皆さんはご存知ないかもしれませんが、実はごくごく稀にレーダー画面の表示が真っ暗になる時があります。

それはシステムの一時的な障害などで引き起こされる場合が多いのですが、その際に管制官は航空機の位置を把握していなければなりません。

管制官が航空機の位置を把握していないと航空機同士がぶつかってしまう危険性があるからです。

なので管制官はノンレーダーになっても航空機に指示を与え続けなければなりません。

ノンレーダー中に指示を与えるにはさっきまで画面上に見えていた航空機の位置や高度や進行方向を把握してなければなりませんよね?
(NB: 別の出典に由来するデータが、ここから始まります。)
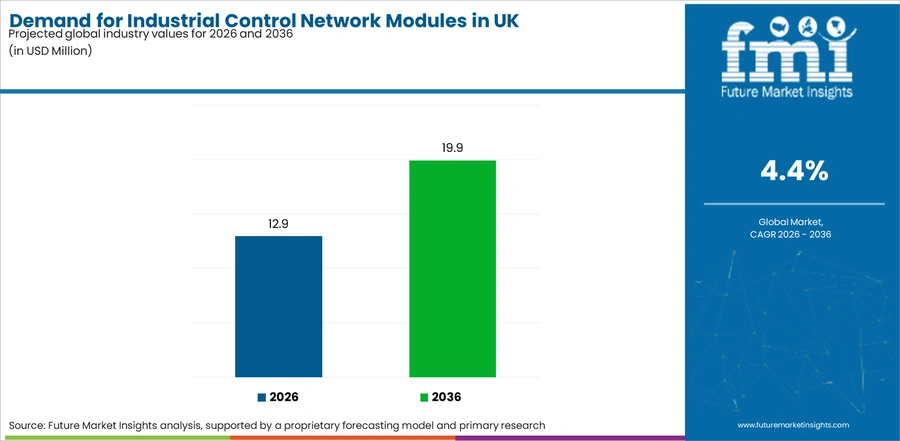 Demand For Industrial Control Network Modules In Uk Industry Value Analysis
ということで記憶図でその適性を見られているということです。

記憶図の試験が存在する理由はもう一つあります。

それは実務で何かインシデントが起こった時に、管制官はその状況をインシデント調査担当の方に報告しないといけないからです。

調査担当「13:45くらいにANA123は高度何フィートでeastboundしていたか覚えてます?」

管制官「〇〇山上空を35000フィートでeastboundしていました」

ということは管制官はインシデント前後のレーダー画面上の航空機の位置や高度や進行方向を記憶していなければなりません。
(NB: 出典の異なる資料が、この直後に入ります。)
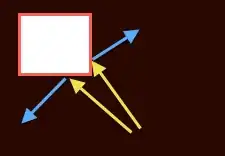 stackoverflow server ubication...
記憶図の問題で10分前に記憶した高度や進行方向がよく聞かれますが、これが実務なら1時間前の状況とかも普通に聞かれます。

なのでここでも記憶図で身につけた能力は役に立つわけですね。

まとめると

・ノンレーダーの時
・インシデント後の状況説明

上記は単なる一例ですが、実務でこれらのことが出来ないと管制官として仕事をするのが難しいです。
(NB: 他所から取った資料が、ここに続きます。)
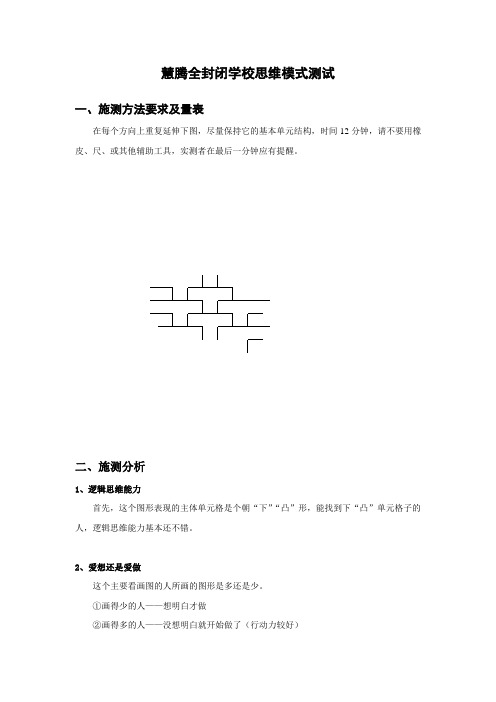 慧腾全封闭学校思维模式测试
記憶図で養われる能力はこのように実務でも役に立つのでしっかり対策しておきましょう。

空間把握(1次)

試験に出てくる空間把握問題のように立方体を回したりというようなことは実務ではなかったです。

ただこの空間把握の力は実務においてアプローチの空域を把握することに役立ったと思います。

例えば空域が複雑で有名な横田アプローチを理解するためには空間把握能力がないとしんどいです。

出典:https://blog.goo.ne.jp/kix1855/e/7cb376c81502b6f3463b1a228641653e

管制官が扱うアプローチチャートは上記画像よりもっと複雑でもっと情報量が多いです。

もっと複雑な空域や空間を把握するためには、空間把握にある程度の耐性が必要になってきます。

なのでやはり空間把握の能力も実務で役に立つ能力として欠かせません。

※追記(2023/11/14)
空間把握問題の対策講座を3Dアニメーションで作成いたしました。

空間把握問題の対策でお困りの方は下記の記事をどうぞ。

英語ヒアリング(1次)

英語のヒアリング、これは非常に役に立ちます。

役に立つ例を挙げると

・パイロットとの交信
・国内管制官署との調整
・米軍との調整

これら全部に英語のヒアリングは必要です。

特に最後の米軍との調整に関しては、相手はアメリカ人なのでヒアリングの力がないと何をいっているのかわかりません。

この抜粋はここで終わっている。